=== TASK STATEMENT ===
Your task is to return, word for word, only the lines from the line with "Audi A1 Sportback" through the close of the data. Exclude all pictures.

=== COLLECTED MATERIAL ===
++++
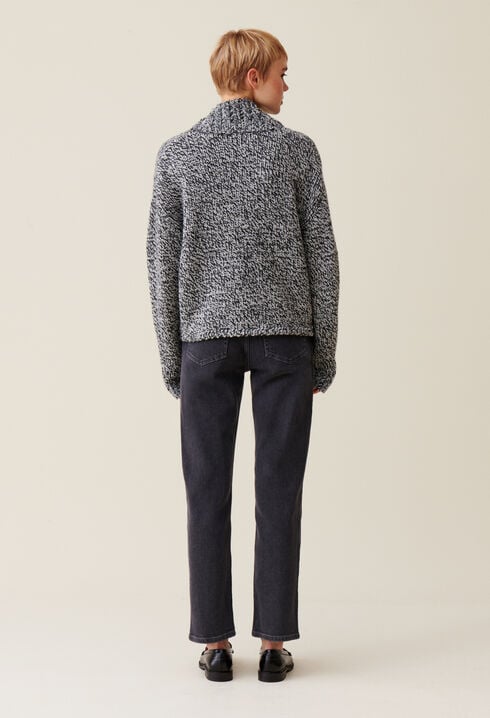 Grey chunky knit V-neck jumper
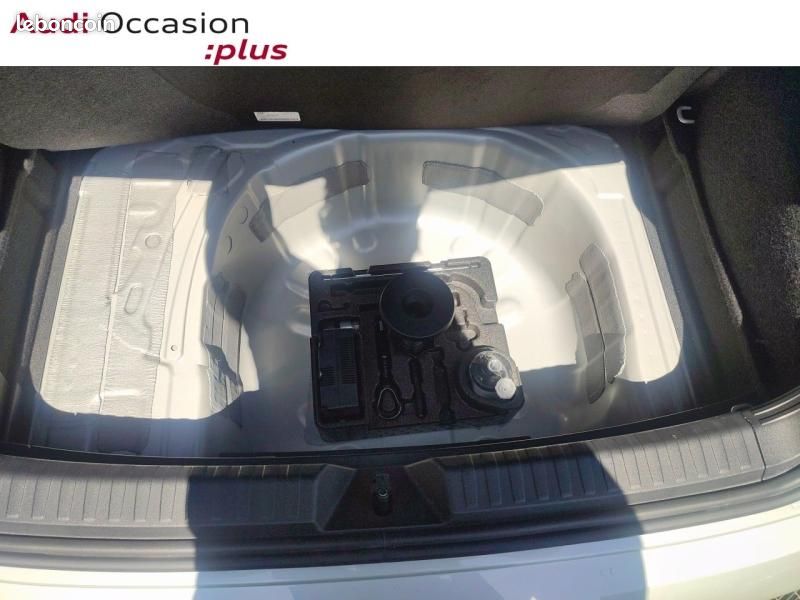 Audi A1 Sportback 30 TFSI 116ch S line S tronic 7 (image 17)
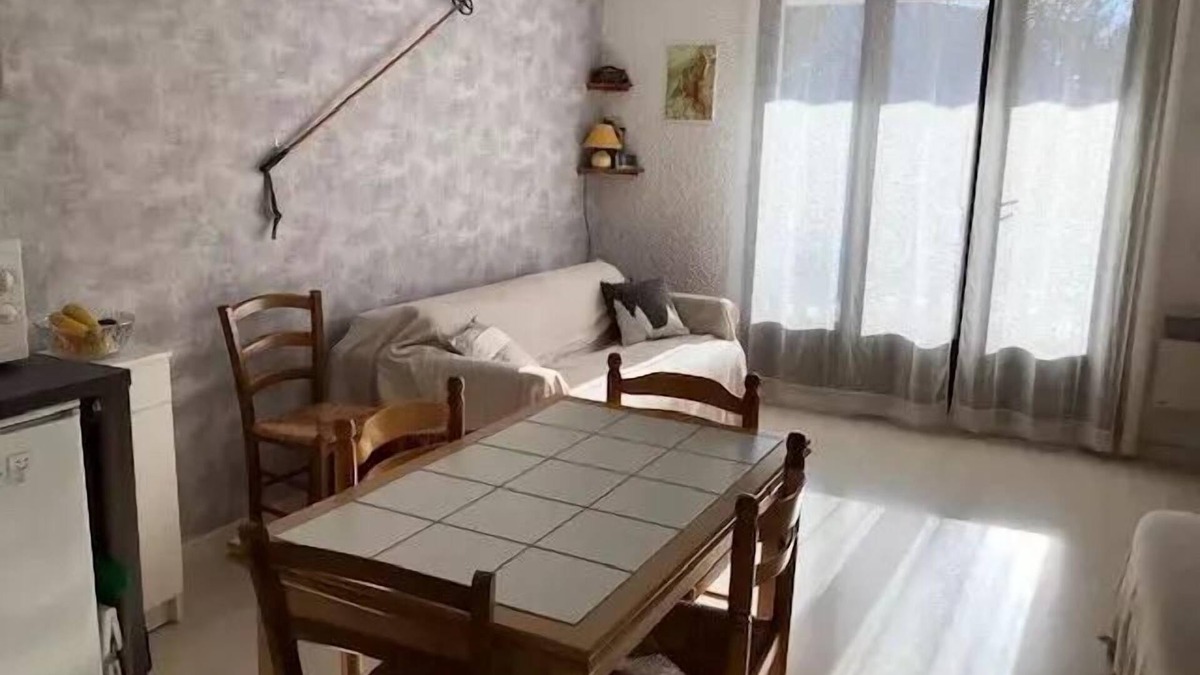 Correncon-en-Vercors Apartment | STUDIO VILLAGE CORRENCON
++++
=== EXPECTED OUTPUT ===
 Audi A1 Sportback 30 TFSI 116ch S line S tronic 7 (image 17)
 Correncon-en-Vercors Apartment | STUDIO VILLAGE CORRENCON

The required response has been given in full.